The three let that theory soak in. There were so many variables at play. Governments at work on both sides, and no sides at all. Unable to trust any partner nations, the tightening of the noose was going to go down the same way they’d run the Saddam Hussein capture.
Lots of misinformation purposefully fed, rapid deployments and withdrawals of special operations forces, press conferences to report on a crisis in the opposite side of the country, and then… And then one small collection of very highly trained professionals would arrive under the cloak of darkness and snatch him away. The old boogeyman plan.
“I’d be surprised if any one person could track that fucker down. An entire world has hunted him.
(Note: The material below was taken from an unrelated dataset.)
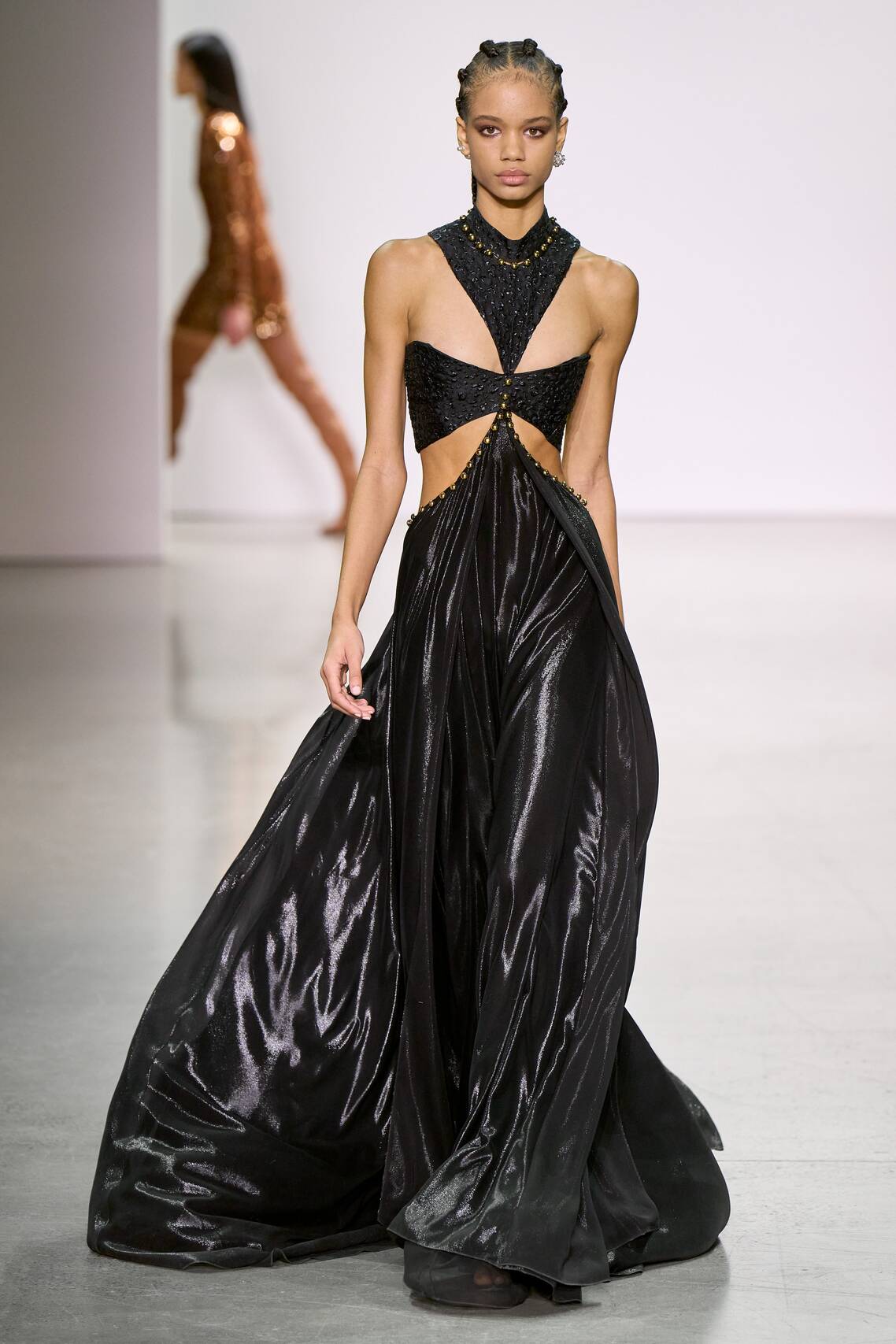 Prabal Gurung Fall 2022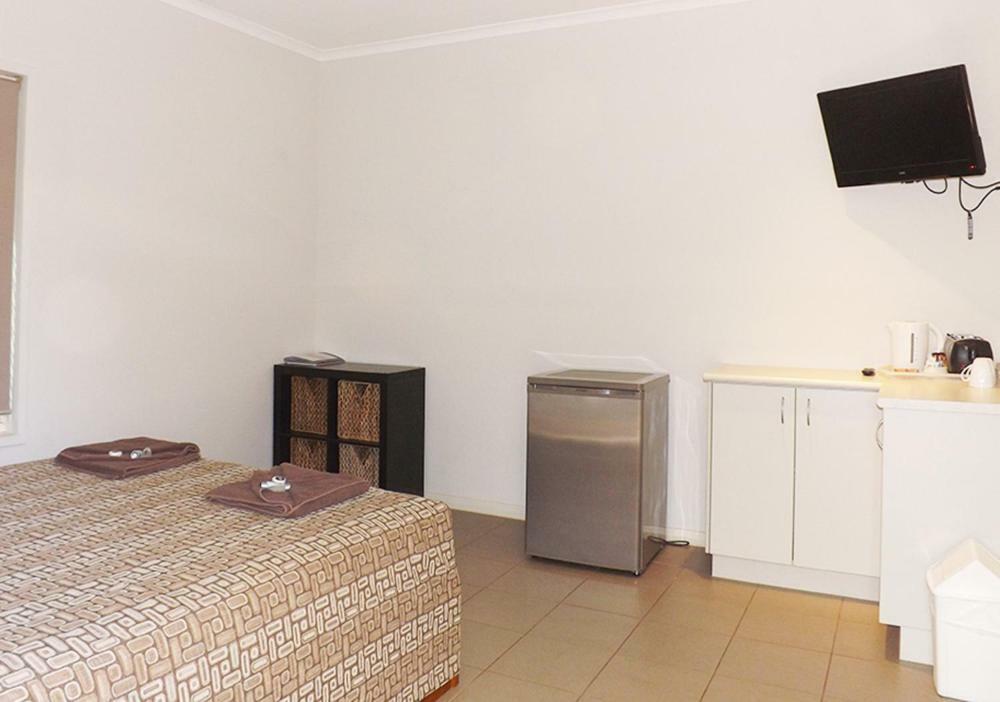 Derby Lodge Motel Zewnętrze zdjęcie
Who the fuck y’all talking about anyway?”
“The man we’re assigned to kill.”
Cracks of wood, mud and painted stucco chips flicked and exploded across the small upper room. The stream of fully automatic machine gun fire caught them off guard. They’d eased into a lax during the quiet. Except for Batya—she was always ready for the unexpected. Smoke and the ringing sound of intended death crowded the space.
Justice shoved Fury down. They had both landed to cover Batya. He saw her face turn purplish red with brilliantly white teeth clinched so tight they might snap. She was suffering agony. But, at least she hadn’t been shot.
“Fuck, who’d we miss? I thought we cleared all of the bad guys,” Justice whispered.
His ears felt as if they’d been stuffed with cotton and then set on fire, but he heard another distinctive cracking sound. It was an old-school bullhorn’s microphone squeal.
“Oh shit, here we go with their surrender demands,” Justice said.
“Justice Boudreaux.”
Justice’s back turned rigid at the sound of his name. That voice—Benjamin Franklin Ford. He and Batya’s eyes were wide and glued to each others.
“Justice Boudreaux. I know you’re in there and probably still alive. This is payback for not warning me about the Greeks.”
“I told you so, Justice,” Batya chided.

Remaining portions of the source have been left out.